→ Task instructions
Beneath this instruction is a listing. Transcribe from it only the stretch from the line with "Bán nhà chính" through the line with "Bay, CA 94923", both end lines included, exactly as written.
....
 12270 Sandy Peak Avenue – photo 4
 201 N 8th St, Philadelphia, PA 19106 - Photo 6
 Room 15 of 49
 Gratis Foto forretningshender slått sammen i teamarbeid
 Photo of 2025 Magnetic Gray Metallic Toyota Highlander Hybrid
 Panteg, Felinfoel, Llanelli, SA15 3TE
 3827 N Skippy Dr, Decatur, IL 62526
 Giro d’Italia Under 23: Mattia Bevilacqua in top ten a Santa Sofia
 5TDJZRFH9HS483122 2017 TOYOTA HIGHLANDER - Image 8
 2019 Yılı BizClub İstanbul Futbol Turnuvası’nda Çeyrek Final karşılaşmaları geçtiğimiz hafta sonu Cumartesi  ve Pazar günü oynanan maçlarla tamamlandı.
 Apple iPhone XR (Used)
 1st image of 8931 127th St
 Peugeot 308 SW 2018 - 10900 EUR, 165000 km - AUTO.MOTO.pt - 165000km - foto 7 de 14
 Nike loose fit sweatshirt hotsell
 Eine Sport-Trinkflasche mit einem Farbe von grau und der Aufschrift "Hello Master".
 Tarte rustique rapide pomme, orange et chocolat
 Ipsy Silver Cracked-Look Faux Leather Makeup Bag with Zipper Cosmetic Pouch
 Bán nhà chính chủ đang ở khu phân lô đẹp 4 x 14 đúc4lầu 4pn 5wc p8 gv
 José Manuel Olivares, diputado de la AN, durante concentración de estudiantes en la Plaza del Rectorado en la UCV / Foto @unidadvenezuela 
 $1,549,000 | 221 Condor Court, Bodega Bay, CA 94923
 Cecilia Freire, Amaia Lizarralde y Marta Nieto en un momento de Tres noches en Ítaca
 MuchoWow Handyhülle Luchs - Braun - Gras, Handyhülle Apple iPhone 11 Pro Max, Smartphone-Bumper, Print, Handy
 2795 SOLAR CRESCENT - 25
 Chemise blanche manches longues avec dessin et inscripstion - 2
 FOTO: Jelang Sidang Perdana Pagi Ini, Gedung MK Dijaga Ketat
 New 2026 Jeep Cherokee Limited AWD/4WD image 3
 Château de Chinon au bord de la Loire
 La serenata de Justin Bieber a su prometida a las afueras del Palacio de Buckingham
....
→ Exercise result
 Bán nhà chính chủ đang ở khu phân lô đẹp 4 x 14 đúc4lầu 4pn 5wc p8 gv
 José Manuel Olivares, diputado de la AN, durante concentración de estudiantes en la Plaza del Rectorado en la UCV / Foto @unidadvenezuela 
 $1,549,000 | 221 Condor Court, Bodega Bay, CA 94923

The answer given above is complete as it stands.